De bereikbaarheid van het bedrijventerrein is voor alle modaliteiten matig. De verkeersafwikkeling van het autoverkeer is in de huidige situatie niet optimaal. Dit hangt met name samen met de capaciteit van de Algerabrug. Na volledige ingebruikname van het bedrijventerrein zal de bereikbaarheid niet wezenlijk verslechteren. Aandachtspunt is de verkeersveiligheidssituatie voor fietsers en de gelijkwaardige voorrangssituatie op de verschillende kruispunten gecombineerd met een 50 km/h-regime. De situatie met betrekking tot de verkeersontsluiting van het langzaam verkeer en openbaar vervoer als ook de verkeersveiligheids- en parkeersituatie wijzigt na volledige ingebruikname van het bedrijventerrein niet. Het aspect verkeer en vervoer staat de uitvoering van het bestemmingsplan niet in de weg.

Wegverkeerslawaai

Er worden geen nieuwe geluidsgevoelige functies toegestaan. De eventuele vestiging/wijziging of uitbreiding van individuele, mogelijk mer-(beoordelings)plichtige bedrijven (in het milieuspoor) heeft geen relevante milieugevolgen voor het aspect wegverkeerslawaai. Het geluidsniveau zal maximaal 0,8 dB toenemen ten opzichte van de autonome situatie. Een dergelijke toename is voor het menselijk oor niet hoorbaar.

Luchtkwaliteit

De ontwikkelingsmogelijkheden in het bestemmingsplan zorgen voor een relatief beperkte toename van de concentratie luchtverontreinigende stoffen. Ook na realisatie van deze ontwikkelingen wordt voldaan aan de normen die gelden voor luchtkwaliteit. De luchtkwaliteitswetgeving staat de uitvoering van van het bestemmingsplan niet in de weg. Op het gebied van luchtkwaliteit zijn dan ook geen belangrijke negatieve milieugevolgen te verwachten.

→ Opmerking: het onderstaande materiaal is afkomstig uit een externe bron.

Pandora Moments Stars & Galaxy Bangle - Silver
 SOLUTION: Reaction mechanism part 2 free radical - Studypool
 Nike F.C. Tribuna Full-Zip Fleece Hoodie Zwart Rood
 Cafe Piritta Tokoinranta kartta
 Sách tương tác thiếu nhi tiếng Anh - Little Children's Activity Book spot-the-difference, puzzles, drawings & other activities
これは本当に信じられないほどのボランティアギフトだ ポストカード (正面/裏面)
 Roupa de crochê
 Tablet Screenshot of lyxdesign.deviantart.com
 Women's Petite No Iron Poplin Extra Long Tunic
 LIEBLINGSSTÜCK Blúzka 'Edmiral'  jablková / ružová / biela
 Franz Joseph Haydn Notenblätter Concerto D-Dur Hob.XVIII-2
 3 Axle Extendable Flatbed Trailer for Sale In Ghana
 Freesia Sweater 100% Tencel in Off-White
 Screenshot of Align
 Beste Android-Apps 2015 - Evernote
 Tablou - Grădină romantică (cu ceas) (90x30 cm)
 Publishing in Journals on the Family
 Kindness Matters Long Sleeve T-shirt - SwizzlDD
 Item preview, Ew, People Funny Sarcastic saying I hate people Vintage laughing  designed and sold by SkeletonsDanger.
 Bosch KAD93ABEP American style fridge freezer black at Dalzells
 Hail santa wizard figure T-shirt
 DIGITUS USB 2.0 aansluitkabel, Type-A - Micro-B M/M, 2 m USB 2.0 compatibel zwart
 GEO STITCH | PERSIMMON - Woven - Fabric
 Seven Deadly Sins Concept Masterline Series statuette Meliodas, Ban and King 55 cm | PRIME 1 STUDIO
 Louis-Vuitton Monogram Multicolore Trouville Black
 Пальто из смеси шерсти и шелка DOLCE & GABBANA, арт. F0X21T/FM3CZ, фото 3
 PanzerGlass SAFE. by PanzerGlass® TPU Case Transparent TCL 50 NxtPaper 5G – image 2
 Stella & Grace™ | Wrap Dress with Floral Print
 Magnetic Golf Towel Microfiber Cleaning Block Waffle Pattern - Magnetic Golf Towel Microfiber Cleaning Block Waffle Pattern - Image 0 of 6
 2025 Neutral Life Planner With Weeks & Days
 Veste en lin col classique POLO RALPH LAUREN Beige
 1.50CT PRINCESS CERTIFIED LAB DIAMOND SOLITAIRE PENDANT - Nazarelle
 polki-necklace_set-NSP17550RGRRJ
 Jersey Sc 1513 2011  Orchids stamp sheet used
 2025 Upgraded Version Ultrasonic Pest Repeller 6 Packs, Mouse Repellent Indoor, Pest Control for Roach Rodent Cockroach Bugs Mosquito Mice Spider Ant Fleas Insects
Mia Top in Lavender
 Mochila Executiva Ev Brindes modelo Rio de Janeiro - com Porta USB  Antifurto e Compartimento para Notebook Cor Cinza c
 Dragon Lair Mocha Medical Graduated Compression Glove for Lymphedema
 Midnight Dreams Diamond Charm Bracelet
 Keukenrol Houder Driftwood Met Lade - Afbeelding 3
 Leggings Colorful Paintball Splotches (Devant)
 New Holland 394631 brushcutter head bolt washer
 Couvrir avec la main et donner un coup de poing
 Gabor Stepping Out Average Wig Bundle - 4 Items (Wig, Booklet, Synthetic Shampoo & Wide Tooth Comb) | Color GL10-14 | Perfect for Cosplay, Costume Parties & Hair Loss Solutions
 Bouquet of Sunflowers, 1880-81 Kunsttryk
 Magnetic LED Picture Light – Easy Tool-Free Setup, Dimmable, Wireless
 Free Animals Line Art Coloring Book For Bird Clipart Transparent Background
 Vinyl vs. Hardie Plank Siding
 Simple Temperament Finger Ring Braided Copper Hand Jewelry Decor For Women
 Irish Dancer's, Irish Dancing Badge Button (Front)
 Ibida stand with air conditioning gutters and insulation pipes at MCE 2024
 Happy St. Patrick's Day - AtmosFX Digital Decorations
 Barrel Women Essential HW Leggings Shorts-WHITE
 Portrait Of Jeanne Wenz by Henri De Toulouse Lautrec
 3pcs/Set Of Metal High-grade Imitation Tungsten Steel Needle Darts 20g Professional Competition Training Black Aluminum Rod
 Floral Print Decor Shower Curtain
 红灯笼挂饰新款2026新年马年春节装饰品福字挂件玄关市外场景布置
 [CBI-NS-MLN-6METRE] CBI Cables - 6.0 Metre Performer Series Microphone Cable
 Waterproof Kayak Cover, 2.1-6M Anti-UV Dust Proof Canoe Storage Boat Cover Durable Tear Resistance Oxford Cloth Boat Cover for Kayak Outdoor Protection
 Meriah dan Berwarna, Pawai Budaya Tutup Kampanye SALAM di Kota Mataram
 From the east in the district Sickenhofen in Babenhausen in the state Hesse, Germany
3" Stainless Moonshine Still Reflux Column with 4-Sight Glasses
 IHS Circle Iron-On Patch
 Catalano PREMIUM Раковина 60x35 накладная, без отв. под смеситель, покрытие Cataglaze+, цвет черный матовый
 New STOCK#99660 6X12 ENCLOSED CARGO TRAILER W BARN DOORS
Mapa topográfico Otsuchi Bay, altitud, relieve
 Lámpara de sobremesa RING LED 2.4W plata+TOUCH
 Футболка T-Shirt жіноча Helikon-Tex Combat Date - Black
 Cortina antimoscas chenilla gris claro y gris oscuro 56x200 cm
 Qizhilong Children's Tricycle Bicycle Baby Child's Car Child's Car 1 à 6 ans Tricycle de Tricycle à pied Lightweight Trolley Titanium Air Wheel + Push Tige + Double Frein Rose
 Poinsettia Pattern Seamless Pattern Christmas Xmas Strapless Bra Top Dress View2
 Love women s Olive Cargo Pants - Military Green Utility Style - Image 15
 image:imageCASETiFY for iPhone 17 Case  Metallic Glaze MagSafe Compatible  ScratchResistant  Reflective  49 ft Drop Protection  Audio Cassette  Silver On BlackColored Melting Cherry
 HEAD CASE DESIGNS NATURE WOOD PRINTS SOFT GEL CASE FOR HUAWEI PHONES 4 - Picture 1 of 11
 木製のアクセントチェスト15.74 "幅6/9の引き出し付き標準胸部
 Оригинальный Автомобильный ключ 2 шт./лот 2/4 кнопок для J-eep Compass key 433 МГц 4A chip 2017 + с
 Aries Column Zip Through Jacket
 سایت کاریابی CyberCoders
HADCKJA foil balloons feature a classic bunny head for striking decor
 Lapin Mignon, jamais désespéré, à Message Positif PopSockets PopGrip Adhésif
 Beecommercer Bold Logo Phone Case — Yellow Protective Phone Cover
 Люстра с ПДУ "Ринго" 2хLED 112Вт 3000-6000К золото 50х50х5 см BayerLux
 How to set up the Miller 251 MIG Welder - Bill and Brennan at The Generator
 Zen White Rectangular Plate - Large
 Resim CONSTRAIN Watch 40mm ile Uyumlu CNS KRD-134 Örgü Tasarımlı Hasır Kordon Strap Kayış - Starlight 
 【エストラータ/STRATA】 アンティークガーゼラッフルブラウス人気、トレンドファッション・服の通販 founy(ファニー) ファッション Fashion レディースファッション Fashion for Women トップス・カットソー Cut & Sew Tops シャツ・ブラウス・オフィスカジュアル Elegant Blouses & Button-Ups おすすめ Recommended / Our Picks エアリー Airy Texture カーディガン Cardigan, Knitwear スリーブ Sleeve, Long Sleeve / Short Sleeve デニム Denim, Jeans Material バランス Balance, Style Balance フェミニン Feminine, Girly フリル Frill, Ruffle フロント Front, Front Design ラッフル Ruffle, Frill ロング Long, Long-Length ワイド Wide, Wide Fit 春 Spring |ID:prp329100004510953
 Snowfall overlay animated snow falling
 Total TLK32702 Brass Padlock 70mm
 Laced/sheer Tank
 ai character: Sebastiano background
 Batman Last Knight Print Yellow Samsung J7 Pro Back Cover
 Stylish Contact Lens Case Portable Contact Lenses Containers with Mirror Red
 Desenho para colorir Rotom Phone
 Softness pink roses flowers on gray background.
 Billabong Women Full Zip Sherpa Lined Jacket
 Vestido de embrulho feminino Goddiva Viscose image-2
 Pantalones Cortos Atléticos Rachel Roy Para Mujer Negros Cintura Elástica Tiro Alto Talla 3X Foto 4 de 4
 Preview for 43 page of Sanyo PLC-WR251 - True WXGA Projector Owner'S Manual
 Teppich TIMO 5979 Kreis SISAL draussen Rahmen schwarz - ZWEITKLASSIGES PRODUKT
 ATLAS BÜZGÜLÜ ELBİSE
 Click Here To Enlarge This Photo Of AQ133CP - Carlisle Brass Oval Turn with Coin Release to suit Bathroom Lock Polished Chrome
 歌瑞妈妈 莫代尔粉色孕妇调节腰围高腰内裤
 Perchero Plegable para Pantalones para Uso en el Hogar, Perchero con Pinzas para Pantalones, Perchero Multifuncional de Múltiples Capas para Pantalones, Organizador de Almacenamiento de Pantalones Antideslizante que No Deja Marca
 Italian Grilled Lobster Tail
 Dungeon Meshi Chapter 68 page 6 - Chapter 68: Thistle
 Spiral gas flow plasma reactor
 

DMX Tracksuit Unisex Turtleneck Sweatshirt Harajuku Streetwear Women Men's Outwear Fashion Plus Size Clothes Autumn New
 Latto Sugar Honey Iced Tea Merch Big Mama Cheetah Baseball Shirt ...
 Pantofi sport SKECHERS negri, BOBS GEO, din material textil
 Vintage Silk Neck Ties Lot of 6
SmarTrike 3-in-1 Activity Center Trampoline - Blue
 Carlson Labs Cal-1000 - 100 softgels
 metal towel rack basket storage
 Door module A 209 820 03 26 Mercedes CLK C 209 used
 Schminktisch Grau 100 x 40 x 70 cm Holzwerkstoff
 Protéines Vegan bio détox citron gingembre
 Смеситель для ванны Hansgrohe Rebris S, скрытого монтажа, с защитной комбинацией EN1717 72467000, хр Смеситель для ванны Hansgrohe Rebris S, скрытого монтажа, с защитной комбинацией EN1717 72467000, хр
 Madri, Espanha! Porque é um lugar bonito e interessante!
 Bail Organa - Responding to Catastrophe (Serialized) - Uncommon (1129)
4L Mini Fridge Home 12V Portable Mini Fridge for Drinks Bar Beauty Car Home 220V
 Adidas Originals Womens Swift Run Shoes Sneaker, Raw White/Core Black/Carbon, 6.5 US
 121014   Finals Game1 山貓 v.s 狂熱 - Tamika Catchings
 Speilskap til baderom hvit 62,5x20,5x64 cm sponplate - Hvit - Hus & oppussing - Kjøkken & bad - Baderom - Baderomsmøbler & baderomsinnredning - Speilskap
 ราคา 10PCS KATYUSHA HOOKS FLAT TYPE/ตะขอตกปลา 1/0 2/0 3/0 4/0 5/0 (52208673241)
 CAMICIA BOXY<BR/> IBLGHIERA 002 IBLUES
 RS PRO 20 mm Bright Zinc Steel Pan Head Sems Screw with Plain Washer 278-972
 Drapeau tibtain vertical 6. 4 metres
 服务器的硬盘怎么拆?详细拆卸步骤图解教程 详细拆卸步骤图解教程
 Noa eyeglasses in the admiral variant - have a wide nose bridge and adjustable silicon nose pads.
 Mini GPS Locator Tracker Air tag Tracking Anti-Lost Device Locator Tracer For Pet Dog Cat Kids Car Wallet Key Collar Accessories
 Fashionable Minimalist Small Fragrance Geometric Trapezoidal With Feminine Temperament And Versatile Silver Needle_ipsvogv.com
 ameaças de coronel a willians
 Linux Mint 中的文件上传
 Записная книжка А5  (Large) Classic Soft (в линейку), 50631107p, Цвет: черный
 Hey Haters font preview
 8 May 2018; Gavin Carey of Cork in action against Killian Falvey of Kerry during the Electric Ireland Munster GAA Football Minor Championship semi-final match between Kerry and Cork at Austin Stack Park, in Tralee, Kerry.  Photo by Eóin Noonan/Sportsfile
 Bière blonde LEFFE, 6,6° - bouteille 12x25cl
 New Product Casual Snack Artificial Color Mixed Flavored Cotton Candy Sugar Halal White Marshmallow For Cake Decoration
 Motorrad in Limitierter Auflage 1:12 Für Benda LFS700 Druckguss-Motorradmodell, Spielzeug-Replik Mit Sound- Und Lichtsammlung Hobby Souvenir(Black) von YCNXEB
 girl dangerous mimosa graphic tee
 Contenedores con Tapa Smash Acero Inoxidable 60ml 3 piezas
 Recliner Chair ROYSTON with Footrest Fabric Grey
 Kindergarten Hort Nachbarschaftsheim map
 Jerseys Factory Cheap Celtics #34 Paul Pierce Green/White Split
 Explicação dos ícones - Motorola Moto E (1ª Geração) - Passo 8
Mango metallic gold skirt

Passende beoordeling Natuurbeschermingswet

Het bestemmingsplan maakt de vestiging van nieuwe bedrijven mogelijk. In een zogenoemde passende beoordeling is onderzocht of hierdoor negatieve effecten op kunnen treden bij nabij gelegen Natura 2000-gebieden. Hieruit blijkt dat in het Natura 2000-gebied Biesbosch de stikstofdepositie als gevolg van de maximale planontwikkeling beperkt toeneemt. De belangrijkste sturende processen bij ontstaan en behoud van de stikstofgevoelige habitattypen zijn rivierdynamiek, winddynamiek, ijsgang, maaibeheer en begrazing. Overstromingen door extreem hoogwater zijn sturend voor de instandhouding van het type, omdat daarmee basenrijk water of vers zand en zavel worden aangevoerd die zorgen voor een blijvende buffering van de standplaats. Deze stroomdalgraslanden worden door jaarlijks maaien en afvoeren, eventueel in combinatie met (na)beweiding in stand gehouden. Daarbij worden jaarlijks grote hoeveelheden stikstof afgevoerd en de zeer geringe extra stikstofdepositie vanaf de A15 zal door dit beheer eveneens worden afgevoerd. De geringe extra stikstofdepositie leidt dan ook niet tot negatieve effecten:

In een vergelijkbare situatie (N348 Zutphen) oordeelde de Afdeling Bestuursrechtspraak van de Raad van State dat een geringe extra stikstofdepositie van 4,1 mol N/ha/jr ter plaatse van goed beheerde en jaarlijkse overstromende stroomdalgraslanden de instandhoudingsdoelen voor dit habitattype niet in gevaar brengt en dat significant negatieve effecten geheel kunnen worden uitgesloten. De extra depositie als gevolg van het plan Stormpolder bedraagt sechts een beperkt aandeel (8%) van de extra depositie als gevolg van de N348. De achtergronddepositie ter plaatse van de stroomdalgraslanden in de casus Zutphen is bovendien aanzienlijk hoger dan ter plaatse van hetzelfde habitat in de Biesbosch. DLG, die het Beheerplan voor dit Natura 2000-gebied opstelt, geeft verder aan dat met beheerder Staatsbosbeheer is overeengekomen om de stroomdalgraslanden (H6120) extra te maaien en de hooilanden (H6510A) extra te beweiden. Daarmee worden grote hoeveelheden stikstof afgevoerd, veel meer dan via atmosferische depositie. Vooral maaien en afvoeren is zeer effectief.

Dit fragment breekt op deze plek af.